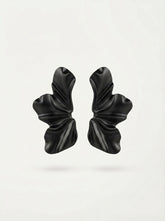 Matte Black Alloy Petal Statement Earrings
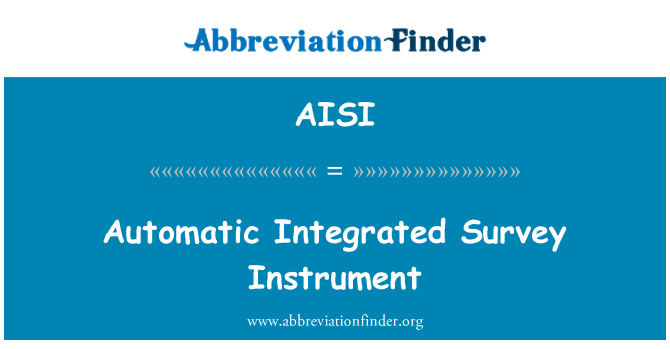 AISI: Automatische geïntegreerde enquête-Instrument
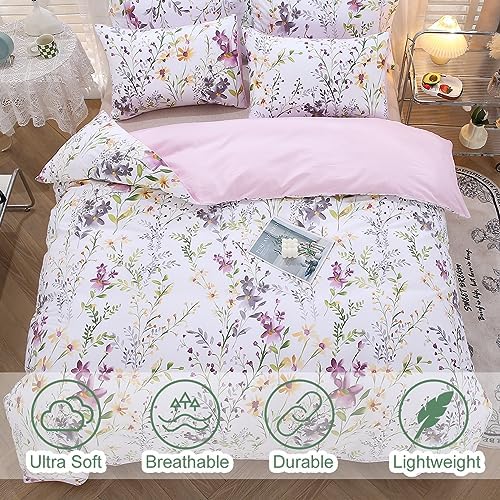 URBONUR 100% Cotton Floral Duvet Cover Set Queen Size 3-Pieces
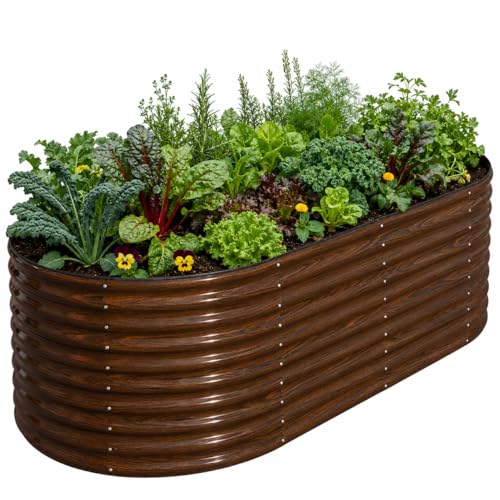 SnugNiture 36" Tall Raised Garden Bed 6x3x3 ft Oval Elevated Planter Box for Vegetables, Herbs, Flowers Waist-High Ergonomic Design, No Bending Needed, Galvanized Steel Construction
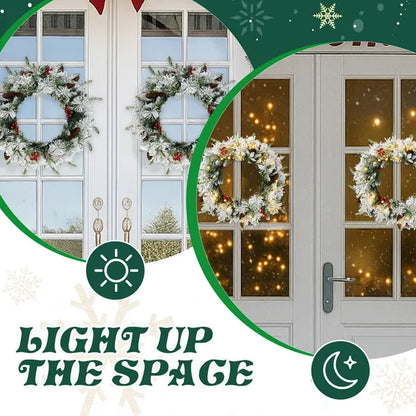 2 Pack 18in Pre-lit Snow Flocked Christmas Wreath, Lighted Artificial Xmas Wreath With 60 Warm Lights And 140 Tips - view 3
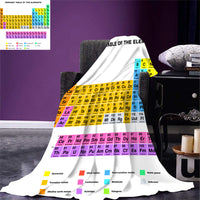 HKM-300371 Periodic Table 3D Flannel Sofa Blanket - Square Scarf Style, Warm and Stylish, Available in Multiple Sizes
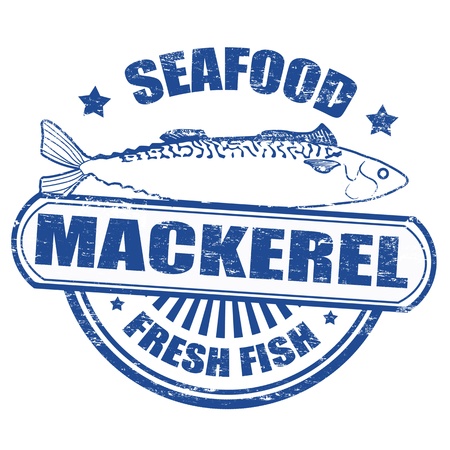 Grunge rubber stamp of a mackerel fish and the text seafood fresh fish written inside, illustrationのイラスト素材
* * *
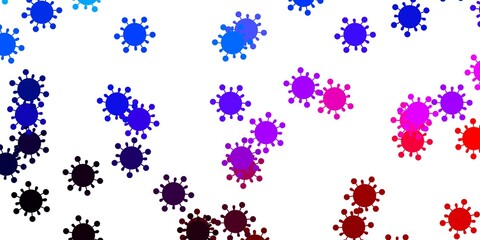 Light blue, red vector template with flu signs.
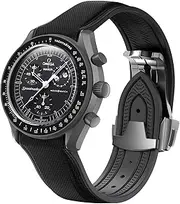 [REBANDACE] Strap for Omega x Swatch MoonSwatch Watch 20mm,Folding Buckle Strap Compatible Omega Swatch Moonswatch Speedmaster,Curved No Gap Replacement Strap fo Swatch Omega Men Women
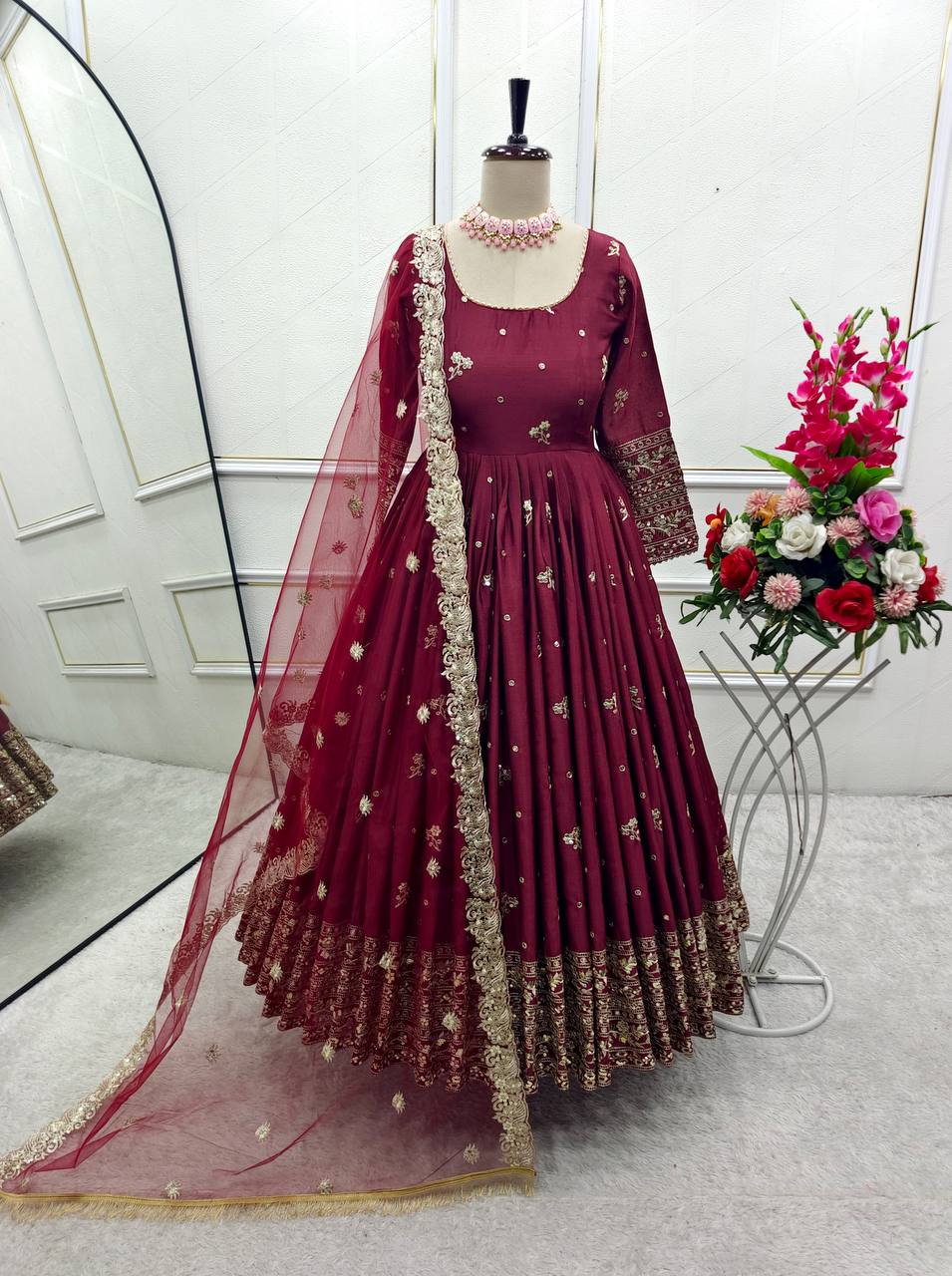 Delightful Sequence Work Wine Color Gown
--
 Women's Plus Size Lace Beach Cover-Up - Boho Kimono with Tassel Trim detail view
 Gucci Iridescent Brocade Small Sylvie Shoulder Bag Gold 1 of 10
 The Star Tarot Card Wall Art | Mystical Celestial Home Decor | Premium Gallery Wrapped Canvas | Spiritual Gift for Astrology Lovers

Task brief – Exactly as written above, retype the lines starting at the one holding "Matte Black Alloy Petal Statement Earrings" and ending at the one holding "HKM-300371 Periodic Table", both included, but not the pictures.

Expected answer –
 Matte Black Alloy Petal Statement Earrings
 AISI: Automatische geïntegreerde enquête-Instrument
 URBONUR 100% Cotton Floral Duvet Cover Set Queen Size 3-Pieces
 SnugNiture 36" Tall Raised Garden Bed 6x3x3 ft Oval Elevated Planter Box for Vegetables, Herbs, Flowers Waist-High Ergonomic Design, No Bending Needed, Galvanized Steel Construction
 2 Pack 18in Pre-lit Snow Flocked Christmas Wreath, Lighted Artificial Xmas Wreath With 60 Warm Lights And 140 Tips - view 3
 HKM-300371 Periodic Table 3D Flannel Sofa Blanket - Square Scarf Style, Warm and Stylish, Available in Multiple Sizes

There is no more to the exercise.